Читаем Crash полностью

By the early hours of the morning we had seen three car-crashes. Inside my fuddled head I assumed that we were still trying to track down Seagrave, but I knew that Vaughan had lost interest in the stunt-driver. After the third of these crashes, when the police and ambulance attendants had left, and the last all-night truck driver had returned to his vehicle, Vaughan finished his cigarette and walked unsteadily across the oil-slick concrete to the motorway embankment. A heavy saloon car driven by a middle-aged woman dentist had skidded through the railings and overturned in the abandoned allotment garden below. I followed Vaughan and watched from the ruptured balustrade as he climbed down to the now upended car. Vaughan walked through the knee-deep grass around the car, and picked up a piece of white chalk discarded by the police. With his hands he felt the sharp edges of the fractured glass and metalwork, pressing against the crushed roof and hood panels. Resting for a moment, he urinated in the darkness against the still warm radiator grille, sending a cloud of vapour into the night air. He stared down at his half-erect penis, looking back at me in a muddled way as if asking me to help him identify this strange organ. He placed it against the right-hand front wing of the car, and with the chalk drew its outline on the black cellulose. He inspected this thoughtfully and, satisfied, moved around the car, marking the profile of his penis on the doors and fractured windows, on the trunk lid and rear fender. Carrying his penis in his hand to shield it from the sharp metal, Vaughan climbed into the front seat and began to draw the outline of his penis against the instrument panel and centre arm-rest, marking out the erotic focus of a crash or sex act, celebrating the marriage of his own genitalia and the skull-shattered dashboard binnacle against which this middle-aged woman dentist had died.

For Vaughan the smallest styling details contained an organic life as meaningful as the limbs and sense organs of the human beings who drove these vehicles. He would stop me at traffic lights and stare for minutes at the junction of a wiper-blade mounting and windshield assembly in a parked car. The body contours of American saloons and European sports cars, with their subordination of function to gesture, delighted Vaughan. We would follow a new Buick or Ferrari for half an hour, as he studied every detail of body trim and rear deck moulding. Several times we were stopped by police for hanging about a parked Lamborghini owned by a well-to-do Shepperton publican as Vaughan obsessively photographed the exact rake of the windshield pillars, the jut of a headlamp visor, the flare of a wheel housing. He was obsessed with the design of chromium accents on fender louvres, stainless-steel body-sill mouldings, windshield-wiper cowl panels, hood locks and door latches.

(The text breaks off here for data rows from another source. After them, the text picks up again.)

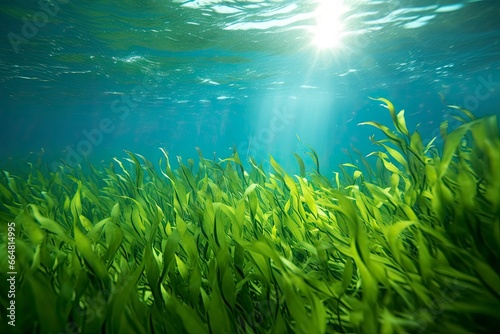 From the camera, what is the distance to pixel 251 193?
275 cm

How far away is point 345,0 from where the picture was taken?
1012 centimetres

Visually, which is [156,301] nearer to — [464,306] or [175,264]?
[175,264]

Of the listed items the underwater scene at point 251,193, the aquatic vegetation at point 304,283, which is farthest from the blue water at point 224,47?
the aquatic vegetation at point 304,283

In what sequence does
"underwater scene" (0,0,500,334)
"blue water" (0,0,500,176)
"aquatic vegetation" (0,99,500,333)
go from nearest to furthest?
"aquatic vegetation" (0,99,500,333) → "underwater scene" (0,0,500,334) → "blue water" (0,0,500,176)

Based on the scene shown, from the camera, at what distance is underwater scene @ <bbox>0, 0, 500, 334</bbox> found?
5.20ft

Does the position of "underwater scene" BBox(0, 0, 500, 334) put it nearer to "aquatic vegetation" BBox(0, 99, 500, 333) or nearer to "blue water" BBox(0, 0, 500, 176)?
"aquatic vegetation" BBox(0, 99, 500, 333)

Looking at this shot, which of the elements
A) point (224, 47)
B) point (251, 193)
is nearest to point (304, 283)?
point (251, 193)

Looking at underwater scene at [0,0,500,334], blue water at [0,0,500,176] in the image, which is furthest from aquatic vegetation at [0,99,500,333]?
blue water at [0,0,500,176]

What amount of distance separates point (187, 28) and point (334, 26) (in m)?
7.20

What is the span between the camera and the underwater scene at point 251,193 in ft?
5.20

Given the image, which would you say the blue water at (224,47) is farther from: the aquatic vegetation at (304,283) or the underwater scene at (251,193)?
the aquatic vegetation at (304,283)

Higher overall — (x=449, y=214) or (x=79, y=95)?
(x=79, y=95)

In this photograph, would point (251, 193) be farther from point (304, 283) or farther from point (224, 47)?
point (224, 47)

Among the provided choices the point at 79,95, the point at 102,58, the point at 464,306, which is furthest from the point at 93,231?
the point at 79,95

He would saunter through the parking lots of the Western Avenue supermarkets as if strolling around a beach colony, fascinated by the high-rise fenders of a Corvette being reversed out by a young housewife. The front and rear air spoilers plunged Vaughan into a trance of recognition, as if he were seeing again some paradise bird. Often, as we drove along the motorways, Vaughan gestured me across the lane marker lines, positioning the Lincoln so that the exact profile of a passing coupe roofline shone in the speeding sunlight in front of us, savouring the perfect proportions of an abbreviated rear deck assembly. The equations between the styling of a motor-car and the organic elements of his body Vaughan mimed continually in his own behaviour. Following an Italian concept car with truncated rear fenders Vaughan's gestures towards the airport whore sitting between us became stylized and exaggerated, mystifying this bored woman with his surging talk and shoulder movements.

For Vaughan, the colour-keyed interiors of the Lincoln and the other cars which he began to steal for an hour or so each evening exactly simulated the skin areas of the young whores whom he undressed as I drove along the darkened expressways. Their bare thighs modulated the panels of pastel vinyl; the deep-cone speakers recapitulated the contours of their sharp breasts.

I saw the interior of the motor-car as a kaleidoscope of illuminated pieces of the bodies of women. This anthology of wrists and elbow, thigh and pubis formed ever-changing marriages with the contours of the automobile. Once Vaughan and I drove along the perimeter highway to the south of the airport; I held the car carefully on the apex of the high-cambered surface, celebrating with Vaughan the exposed breast of a schoolgirl he had accosted near the studios. The two of us isolated the perfect geometry of this white pear drawn from her tunic in the motion of the car along the curved road surface.